• _DATASET RECORDS_:
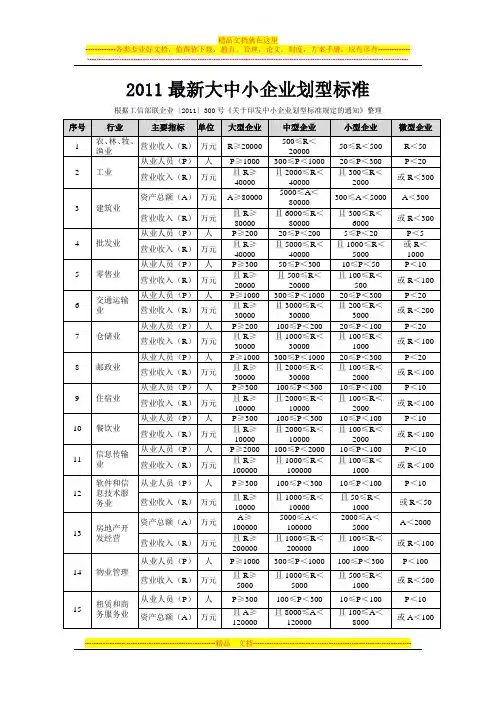 2011最新大中小企业划型标准(整理)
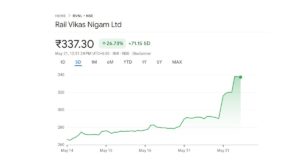 RVNL Stock Soars 1600% Since IPO Is There Still Room for Growth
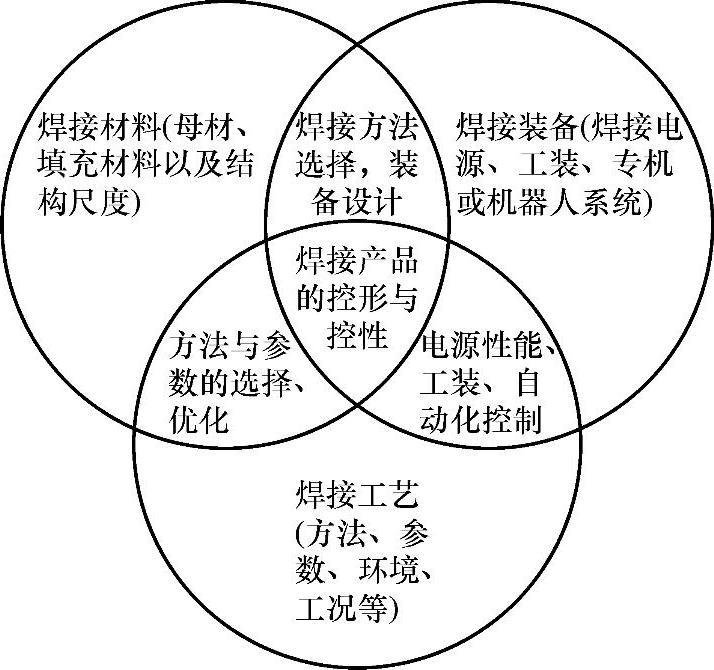 978-7-111-59386-7-Chapter01-3.jpg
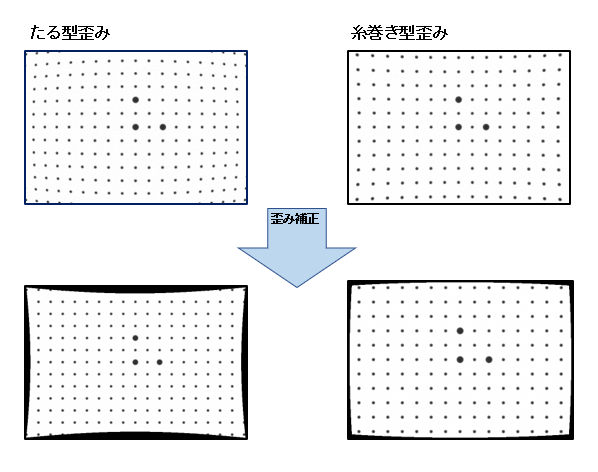 レンズ歪み補正ライブラリ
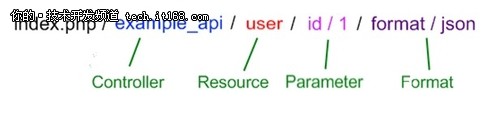 在CodeIgniter框架中使用RESTful服务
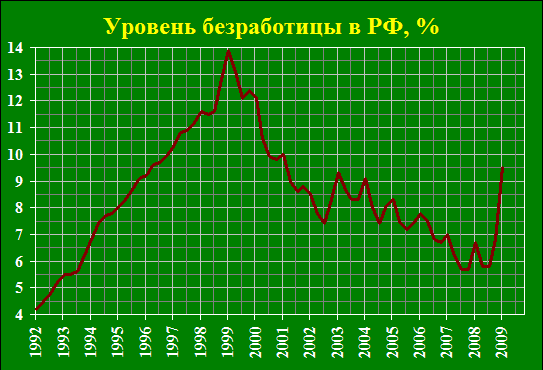Уровень безработицы России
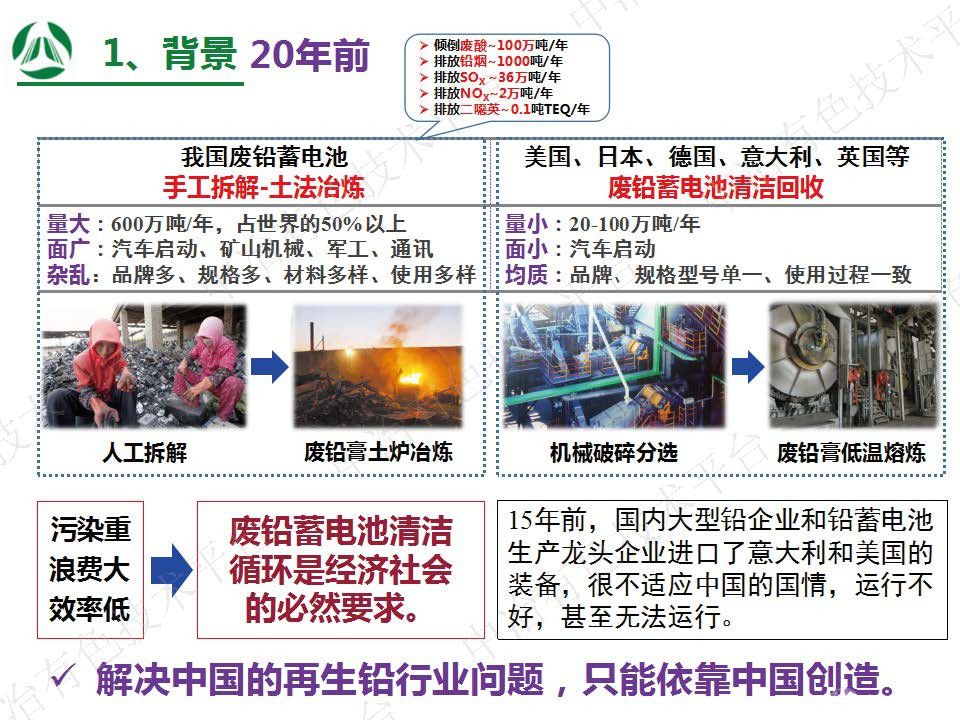 廢鉛蓄電池資源循環及行業大氣污染物 二氧化碳源頭減排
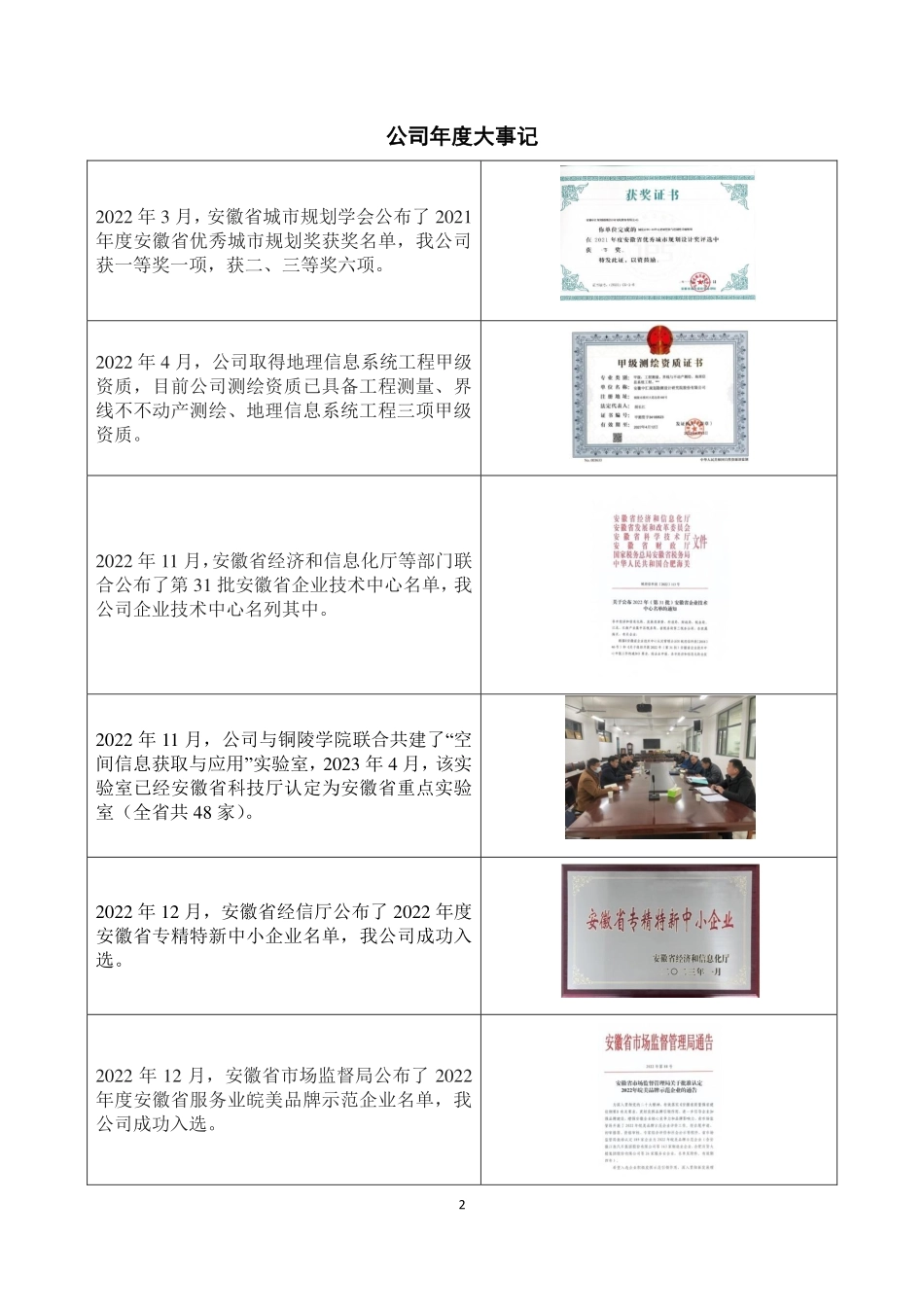 835187_2022_中汇股份_2022年年度报告_2023-04-26.pdf_第2页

• _WHAT THIS TASK INVOLVES_: Each record above should come back exactly the same, only without its pictures.

• _RESPONSE TO THIS TASK_:
 2011最新大中小企业划型标准(整理)
 RVNL Stock Soars 1600% Since IPO Is There Still Room for Growth
 978-7-111-59386-7-Chapter01-3.jpg
 レンズ歪み補正ライブラリ
 在CodeIgniter框架中使用RESTful服务
Уровень безработицы России
 廢鉛蓄電池資源循環及行業大氣污染物 二氧化碳源頭減排
 835187_2022_中汇股份_2022年年度报告_2023-04-26.pdf_第2页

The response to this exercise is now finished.